(Beginning of SUPPLIED RECORDS)

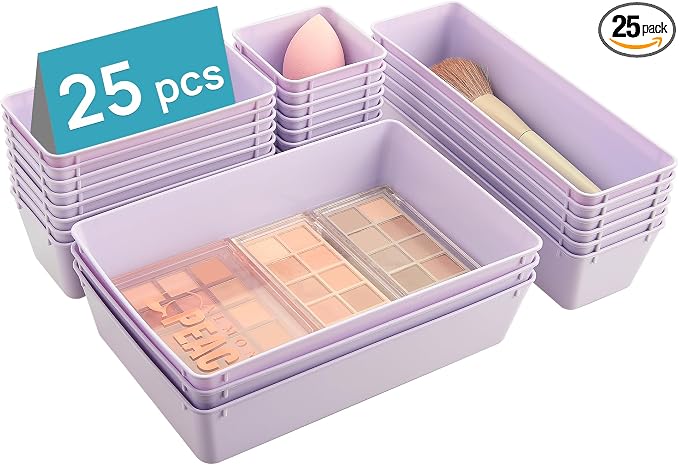 Vtopmart 25 PCS Plastic Drawer Organizers Set, 4-Size Versatile Bathroom and by Vtopmart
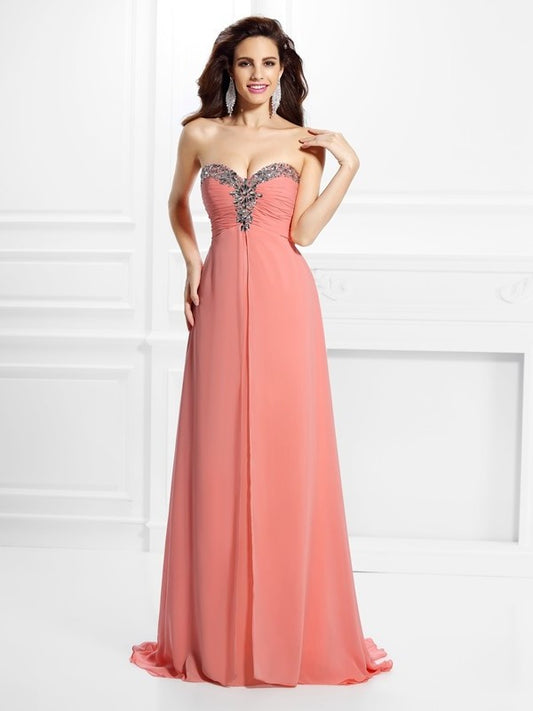 A-Line/Princess Sweetheart Beading Sleeveless Long Chiffon Dresses DEP0003801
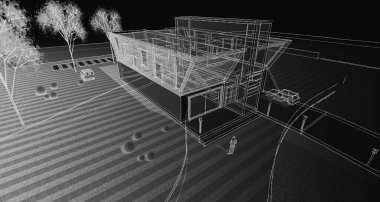 mimari konsept ev 3D görüntüleme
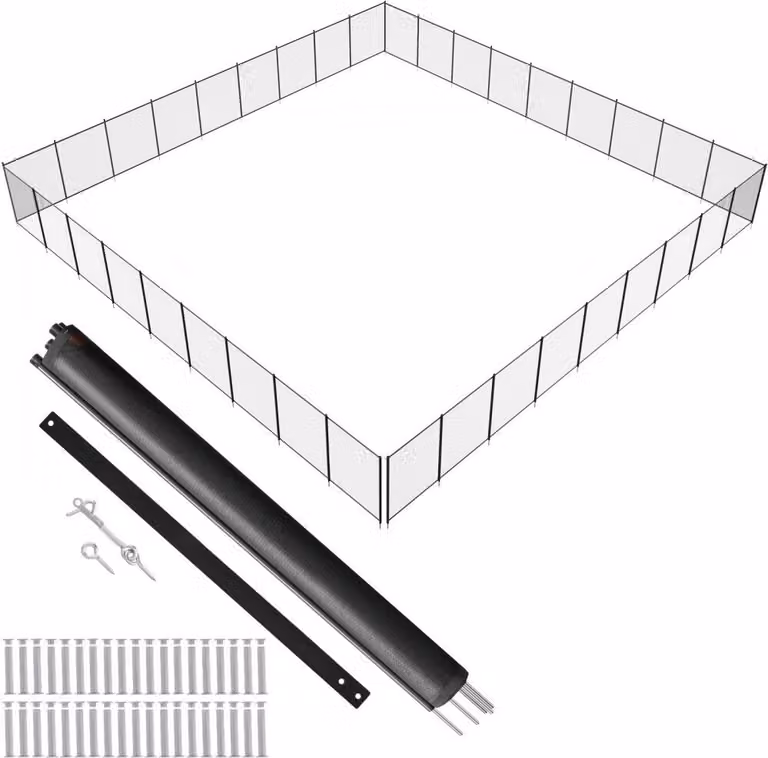 Recinzione per piscina - Recinzione di sicurezza per bambini rimovibile - Facile da montare - 1,21 x 32,91 m - Recinzione per piscina con rete in PVC Teslin da 340 g - Protezione per bambini e animali domestici.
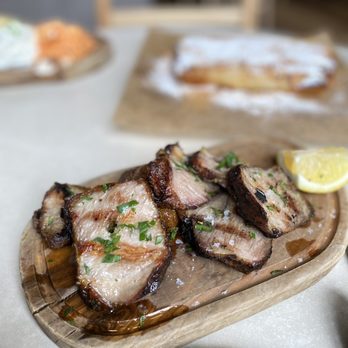 Krasi - Pork souvla - Mediterranean Near Me - Boston, Massachusetts Krasi - Pork souvla - Mediterranean Near Me - Boston, Massachusetts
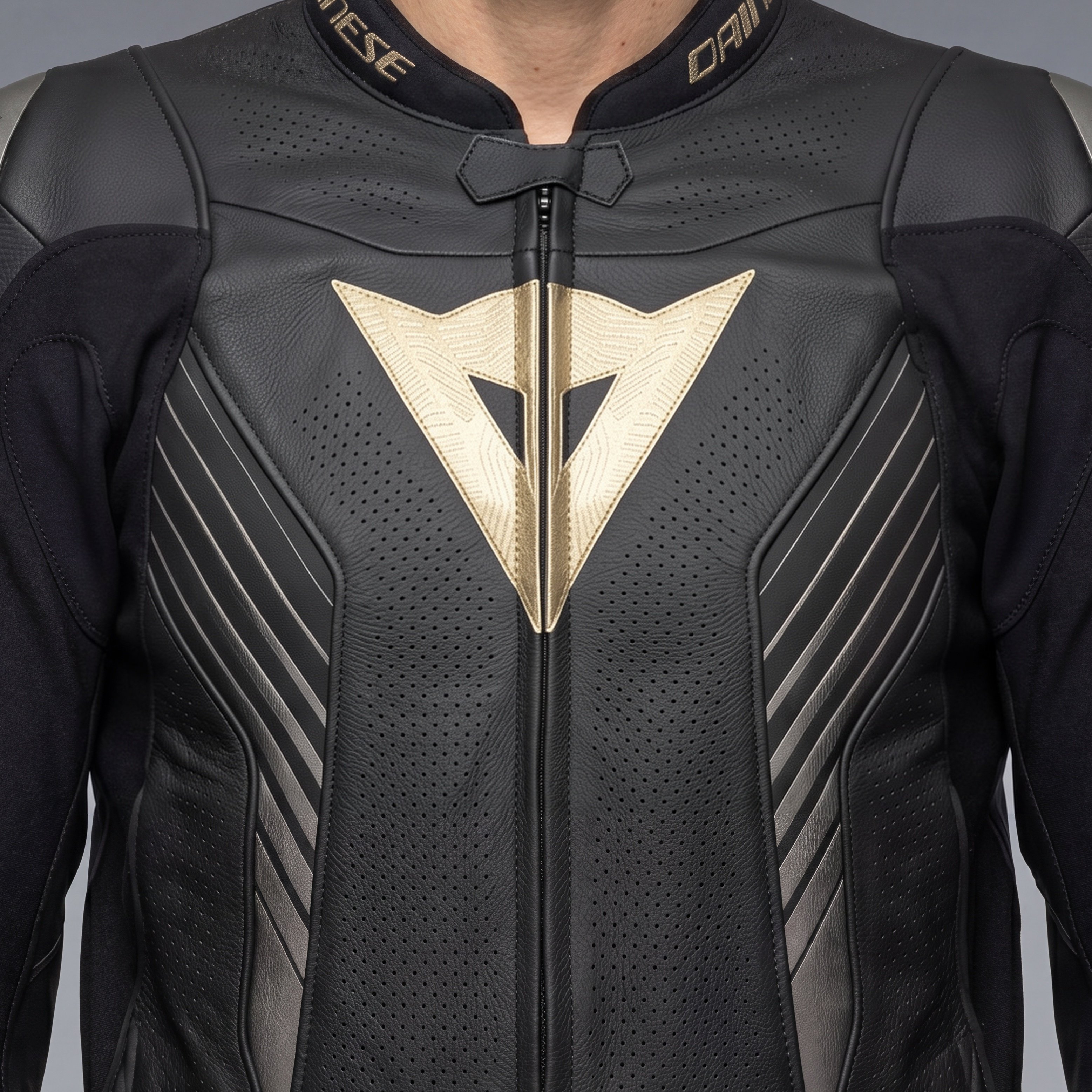 SUPER SPEED 5 LEATHER JACKET PERF. - BLACK/BLACK/GOLD - 5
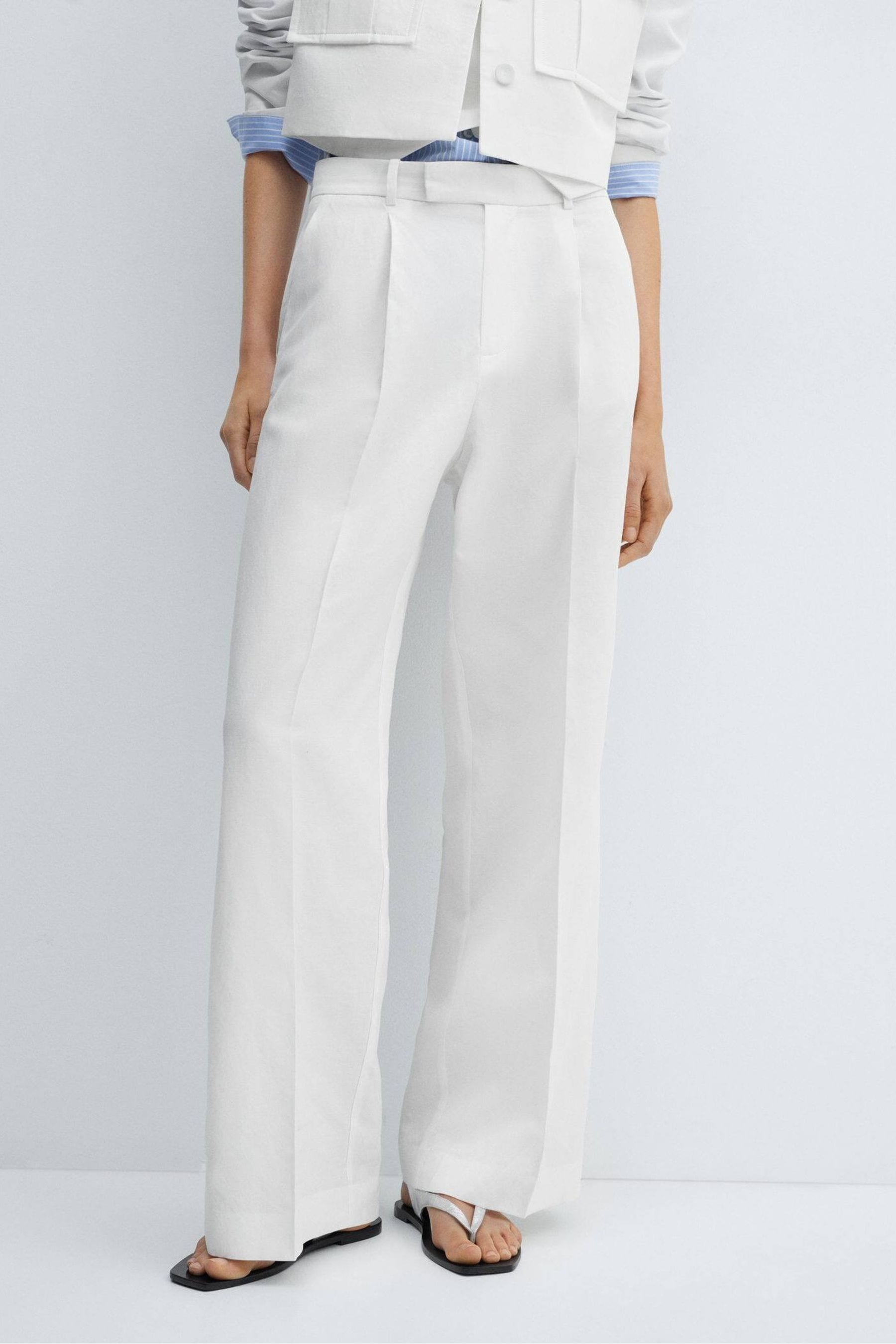 Buy Mango White Straight Leg Trousers from the Next UK online shop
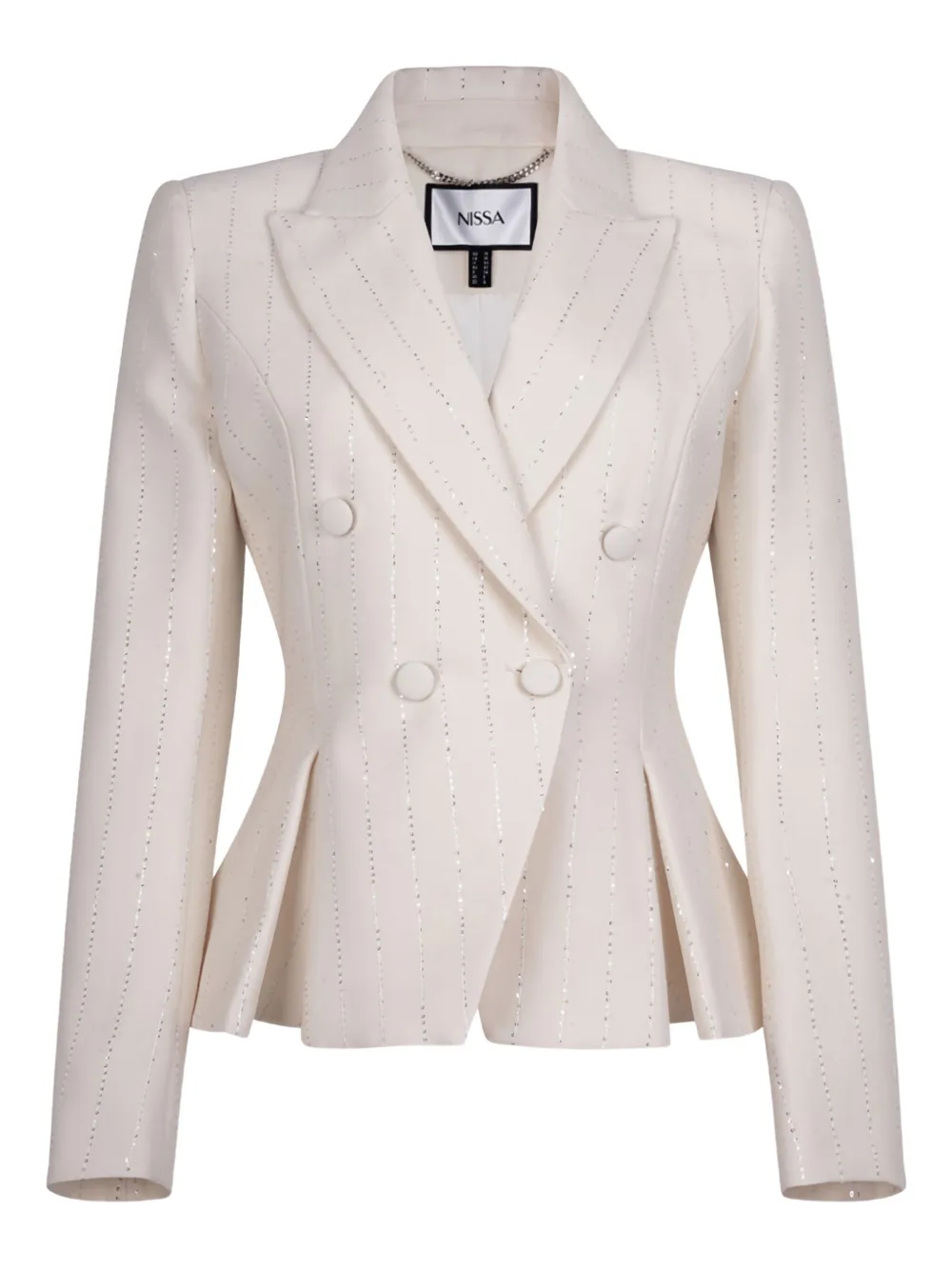 Полосатый двубортный пиджак NISSA, белый
Полосатый двубортный пиджак NISSA, белый
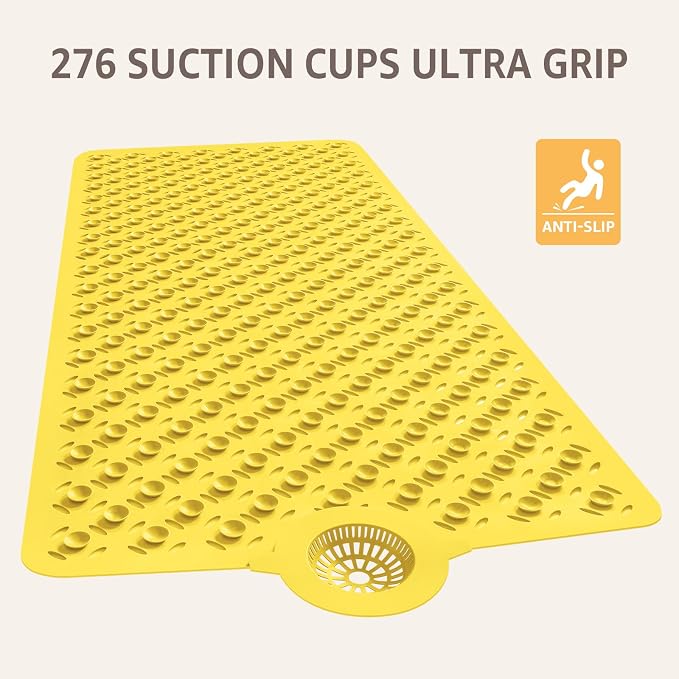 OTHWAY Bath Mat for Tub Non Slip: 39" X 17" Long Bathtub Mat with Hair Catcher│Big Drain Holes Shower Mats for Inside Shower│Machine Washable (Yellow)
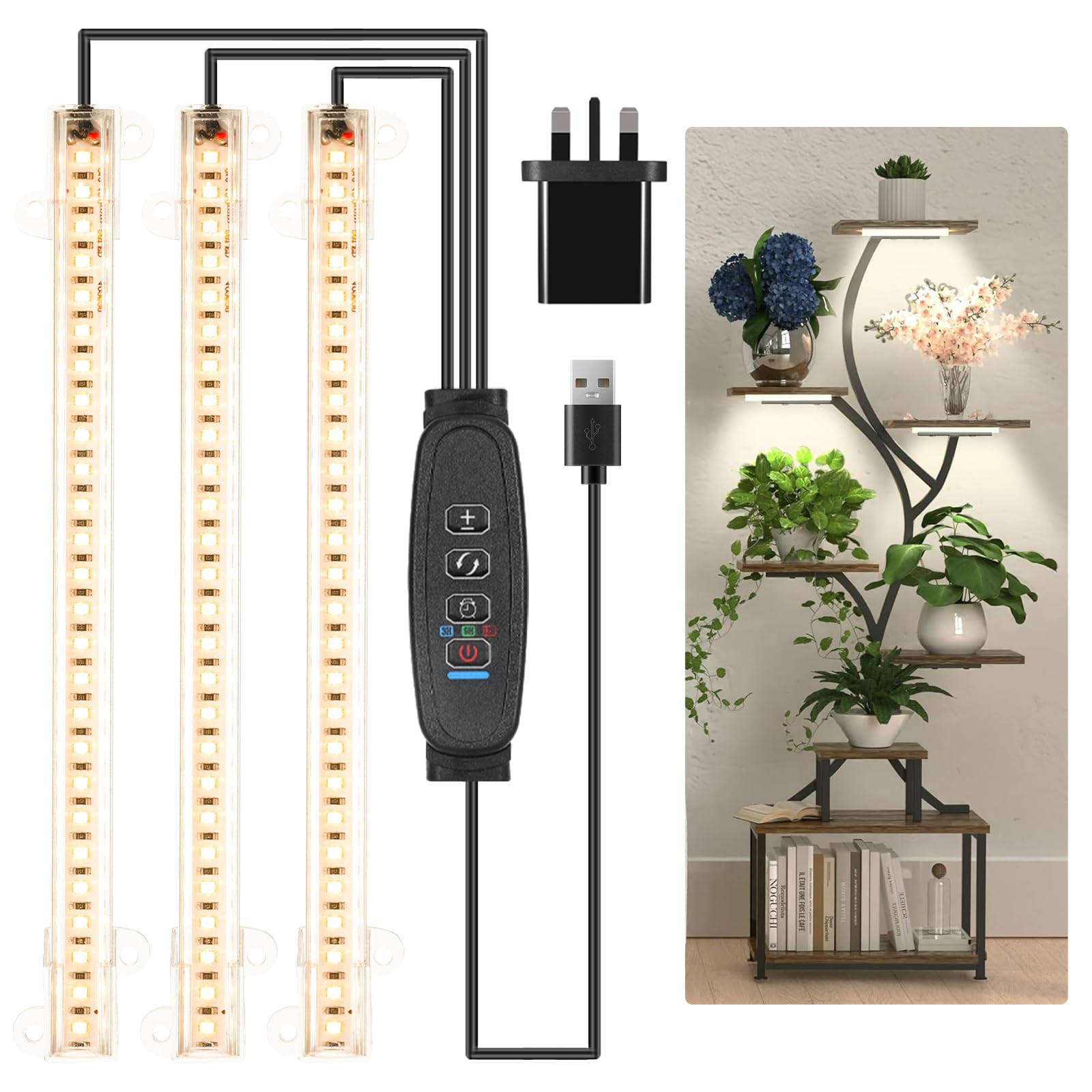 Czoumu 8.6'' LED Grow Light Strips, Full Spectrum 3500K Grow Lights for Indoor Plants, 3 Head with 3/9/12H Timer, 10 Dimmable Levels, Perfect for Seedling, Succulent, Plant Shelf, 1-Pack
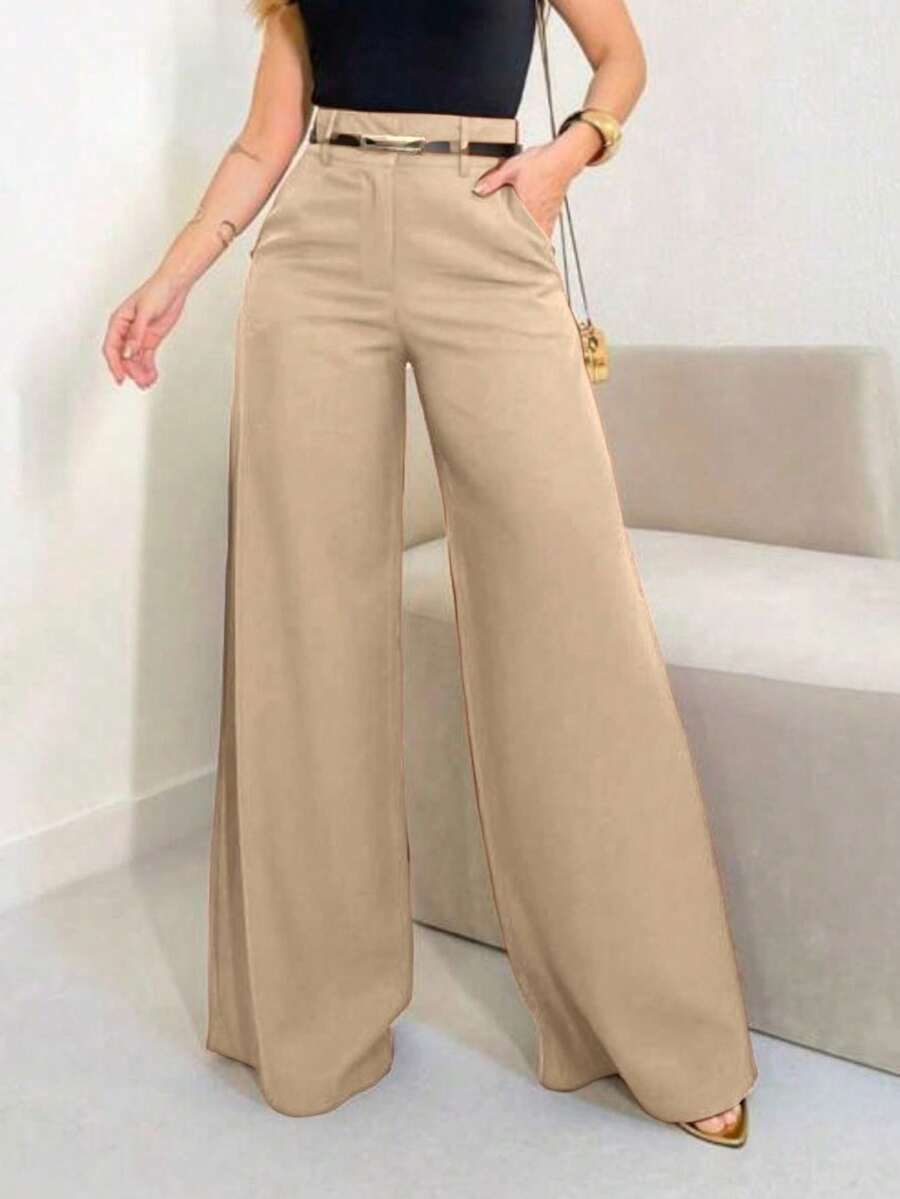 Women's Tailored Dress Pants With Belt - 米色 - 查看 1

(End of SUPPLIED RECORDS)

* [BRIEF]: A word-for-word copy of the lines from the one with "Recinzione per piscina - Recinzione" through the last line of the data above is required, with both end lines included and no pictures.

* [RESULT BELOW]:
 Recinzione per piscina - Recinzione di sicurezza per bambini rimovibile - Facile da montare - 1,21 x 32,91 m - Recinzione per piscina con rete in PVC Teslin da 340 g - Protezione per bambini e animali domestici.
 Krasi - Pork souvla - Mediterranean Near Me - Boston, Massachusetts Krasi - Pork souvla - Mediterranean Near Me - Boston, Massachusetts
 SUPER SPEED 5 LEATHER JACKET PERF. - BLACK/BLACK/GOLD - 5
 Buy Mango White Straight Leg Trousers from the Next UK online shop
 Полосатый двубортный пиджак NISSA, белый
Полосатый двубортный пиджак NISSA, белый
 OTHWAY Bath Mat for Tub Non Slip: 39" X 17" Long Bathtub Mat with Hair Catcher│Big Drain Holes Shower Mats for Inside Shower│Machine Washable (Yellow)
 Czoumu 8.6'' LED Grow Light Strips, Full Spectrum 3500K Grow Lights for Indoor Plants, 3 Head with 3/9/12H Timer, 10 Dimmable Levels, Perfect for Seedling, Succulent, Plant Shelf, 1-Pack
 Women's Tailored Dress Pants With Belt - 米色 - 查看 1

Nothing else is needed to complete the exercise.